** Work instruction **
Nothing but a verbatim copy of the data, minus the images, should be returned.

** Data supplied **
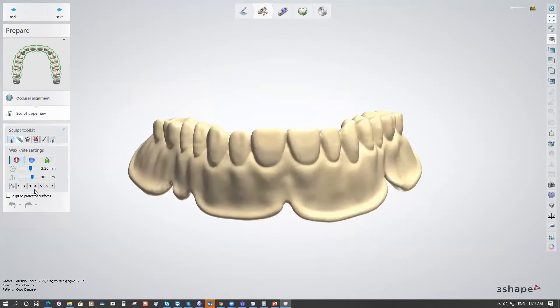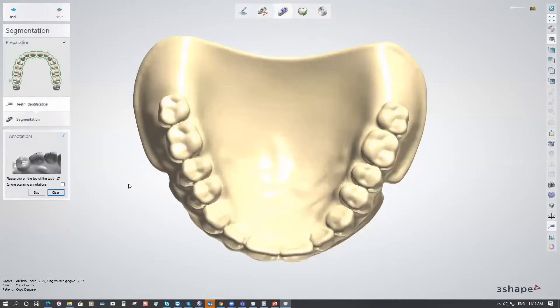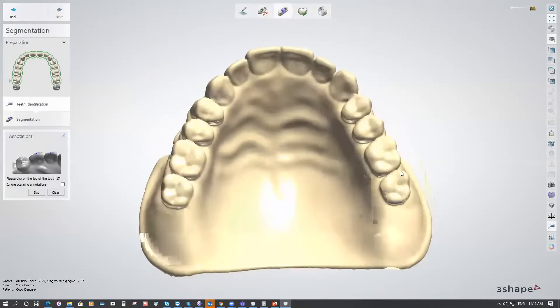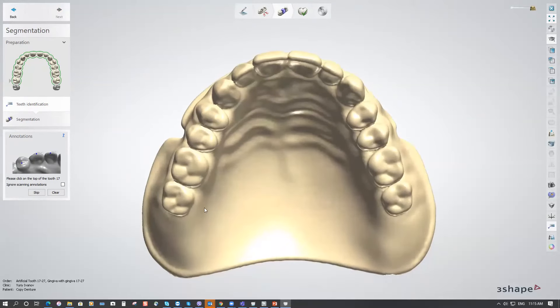Here you can use the Wax Knife on your scan. When ready, go to the next step. Clear everything and annotate the teeth to help the software identify each tooth and segment them from the rest of the scan and from the base. Click on the top of each tooth number — number two, like this — and continue for the rest of the arch.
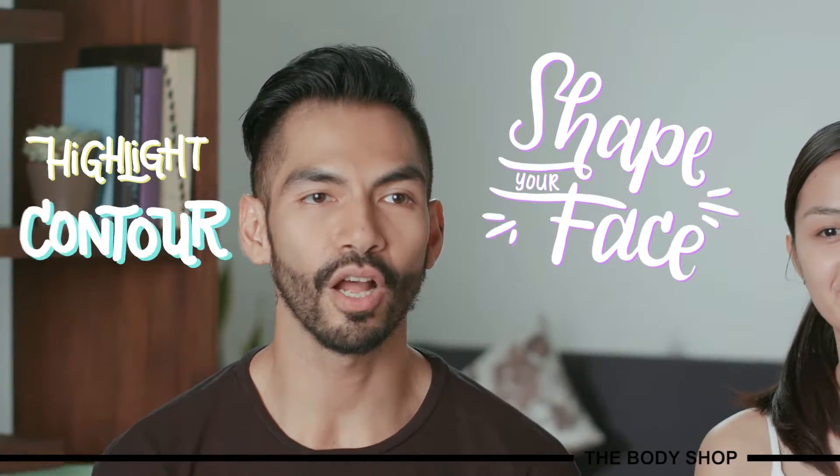Shape your face — highlight, contour, and blush. So now I'm going to teach you how to highlight, contour, and apply blush. These are techniques that makeup artists use to add dimension to the face. After applying foundation, the face is kind of flat because it's in one tone. So we're going to add shadows and highlights to give your face some angles and dimension, and add a little bit of color by applying blush.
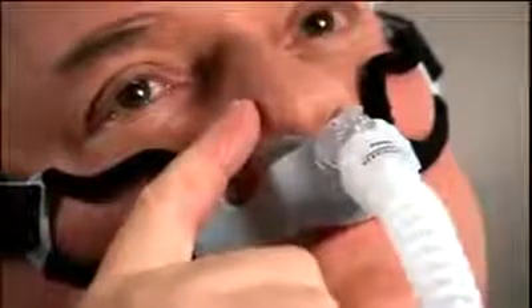If leaks are still present, press the pillow's cushion to your nostrils until the leak stops. If this eliminates the leak, tighten the headgear strap closest to the leak.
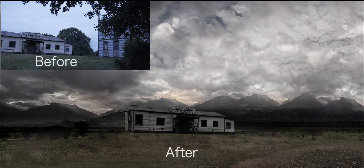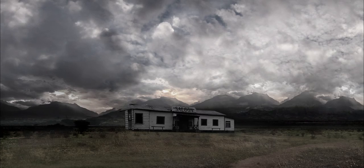You can see the difference. This shot is just kind of okay, and this shot to me looks great.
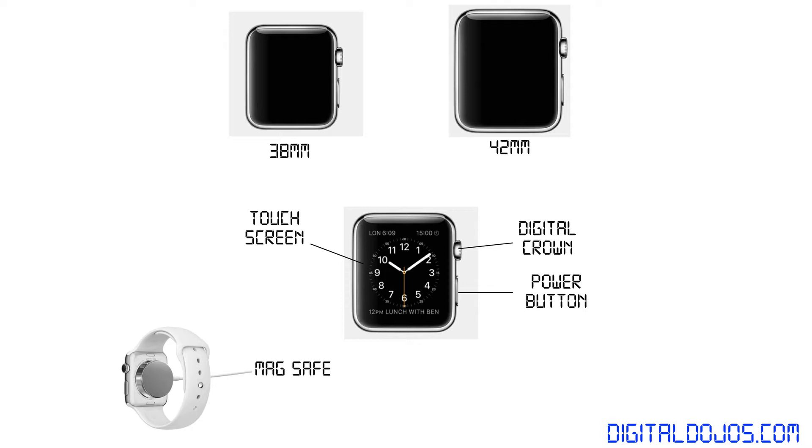It's going to charge via a magnetic connector, also known as MagSafe, on the back of the watch.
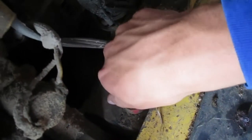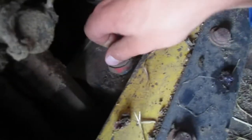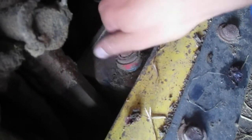Make sure that your ratchet doesn't come into contact with any metal while on the positive terminal. You will get sparks and in some cases drain your battery.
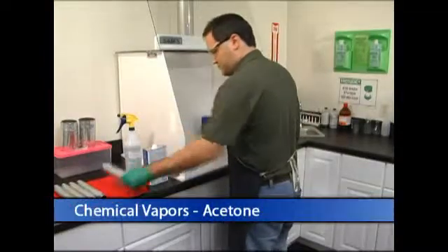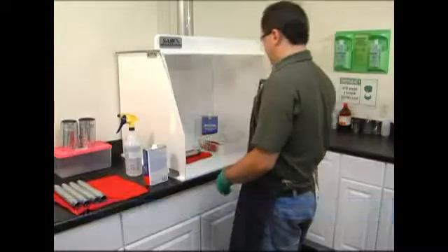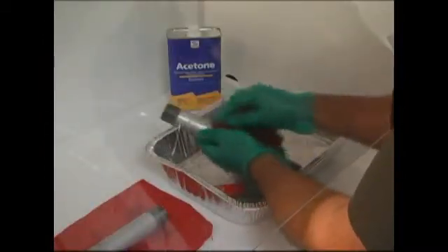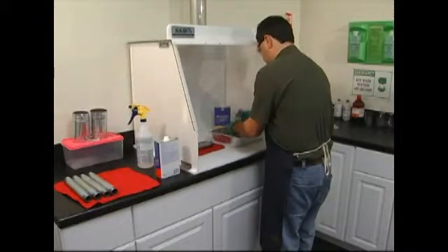These bench top hoods feature unique hinged folding side panels, a high density polyethylene base, a clear polycarbonate top, and a hinged sloping front lid. Sentry Air's exhaust hoods are extremely compact and lightweight and are useful for a variety of applications.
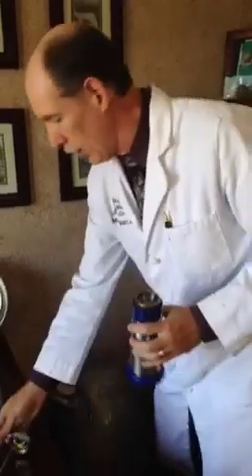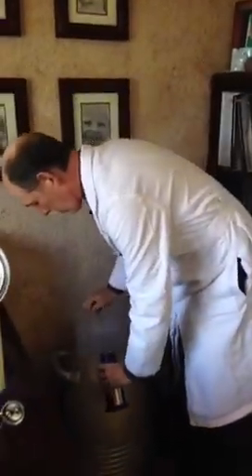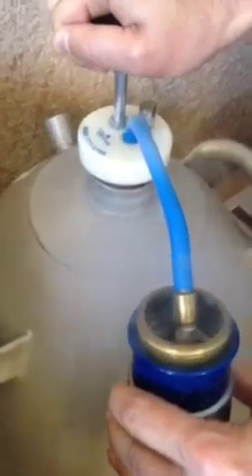I'm going to freeze actinic keratosis, which is a precancerous skin lesion, using liquid nitrogen. I get a thermos and put this inside of the door to get the actual liquid flowing into the thermos. Just to show you guys what this is — it is a clear liquid that boils at 341 degrees below zero.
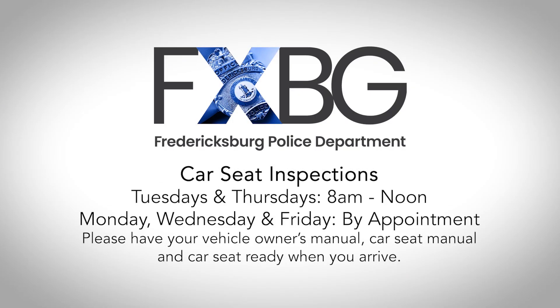The Fredericksburg Police Department offers car seat inspections on Tuesdays and Thursdays between 8 a.m. and noon. We also offer them Monday, Wednesday, and Friday by appointment only. When you arrive at the police department, please make sure you have your vehicle manual, your car seat manual, and your car seat ready to go.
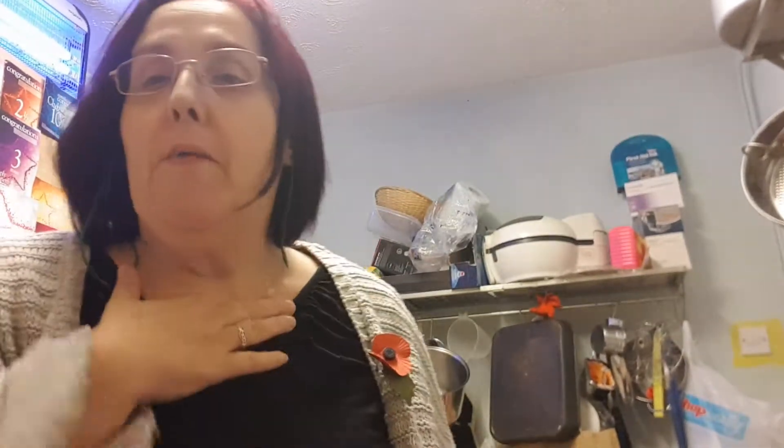Hi guys, it's Tracy here. Sorry, I've got a bit of a bad throat. I just thought I would do a quick stir-fry tutorial for you today.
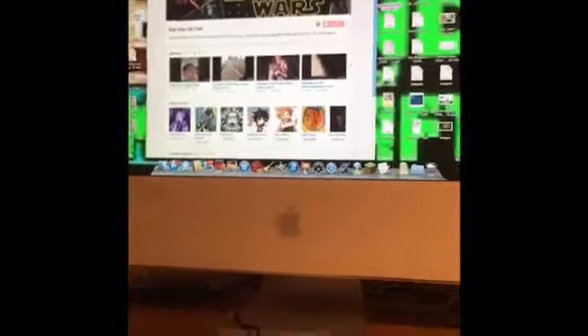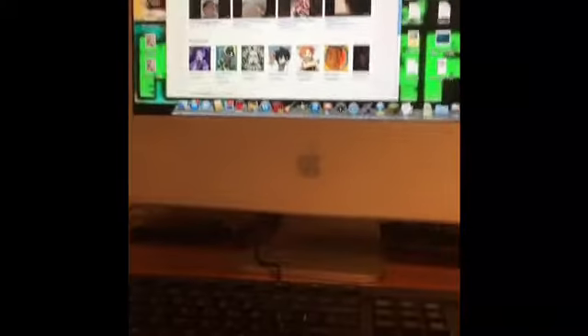Hey, I wanted to show you guys a cool trick you can do with really old computers. As you can see, this is like a super old computer — I think it's at least 10 years old.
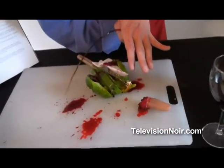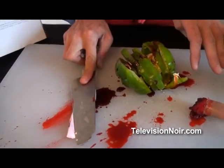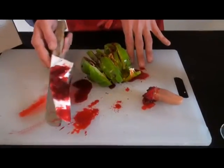Are you okay? Are you okay? I'm not sure what's going on.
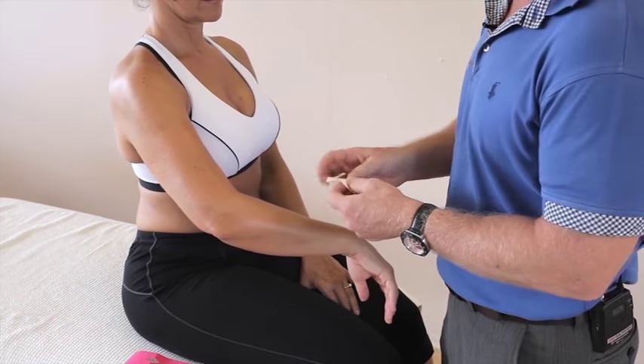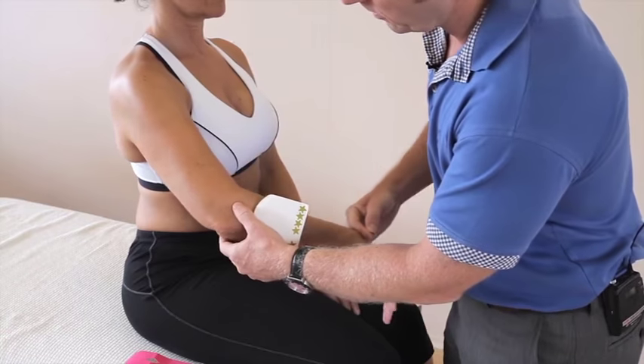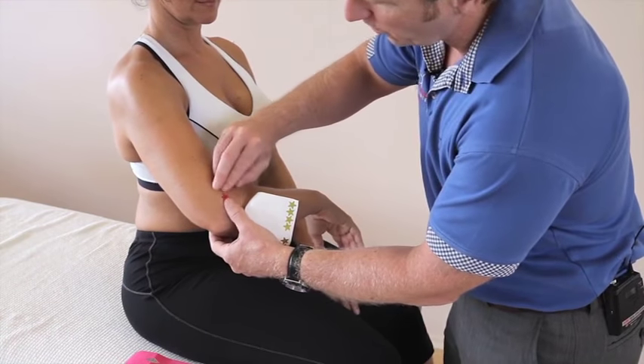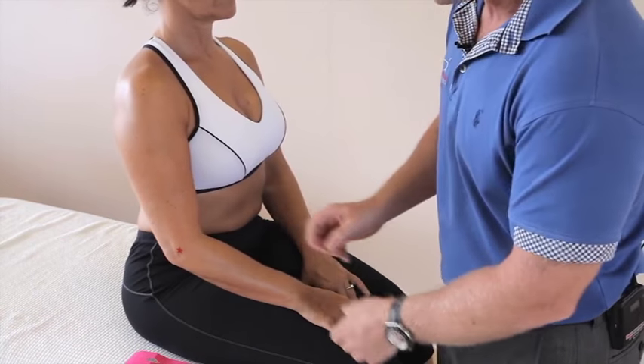I'm just going to mark where the pain is with a sticker on this lateral epicondyle. Just bend the elbow for me. So if you've got pain on that area, kinesiology tape works very well.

** Solution for this problem **
Here you can use the Wax Knife on your scan. When ready, go to the next step. Clear everything and annotate the teeth to help the software identify each tooth and segment them from the rest of the scan and from the base. Click on the top of each tooth number — number two, like this — and continue for the rest of the arch.
Shape your face — highlight, contour, and blush. So now I'm going to teach you how to highlight, contour, and apply blush. These are techniques that makeup artists use to add dimension to the face. After applying foundation, the face is kind of flat because it's in one tone. So we're going to add shadows and highlights to give your face some angles and dimension, and add a little bit of color by applying blush.
If leaks are still present, press the pillow's cushion to your nostrils until the leak stops. If this eliminates the leak, tighten the headgear strap closest to the leak.
You can see the difference. This shot is just kind of okay, and this shot to me looks great.
It's going to charge via a magnetic connector, also known as MagSafe, on the back of the watch.
Make sure that your ratchet doesn't come into contact with any metal while on the positive terminal. You will get sparks and in some cases drain your battery.
These bench top hoods feature unique hinged folding side panels, a high density polyethylene base, a clear polycarbonate top, and a hinged sloping front lid. Sentry Air's exhaust hoods are extremely compact and lightweight and are useful for a variety of applications.
I'm going to freeze actinic keratosis, which is a precancerous skin lesion, using liquid nitrogen. I get a thermos and put this inside of the door to get the actual liquid flowing into the thermos. Just to show you guys what this is — it is a clear liquid that boils at 341 degrees below zero.
The Fredericksburg Police Department offers car seat inspections on Tuesdays and Thursdays between 8 a.m. and noon. We also offer them Monday, Wednesday, and Friday by appointment only. When you arrive at the police department, please make sure you have your vehicle manual, your car seat manual, and your car seat ready to go.
Hi guys, it's Tracy here. Sorry, I've got a bit of a bad throat. I just thought I would do a quick stir-fry tutorial for you today.
Hey, I wanted to show you guys a cool trick you can do with really old computers. As you can see, this is like a super old computer — I think it's at least 10 years old.
Are you okay? Are you okay? I'm not sure what's going on.
I'm just going to mark where the pain is with a sticker on this lateral epicondyle. Just bend the elbow for me. So if you've got pain on that area, kinesiology tape works very well.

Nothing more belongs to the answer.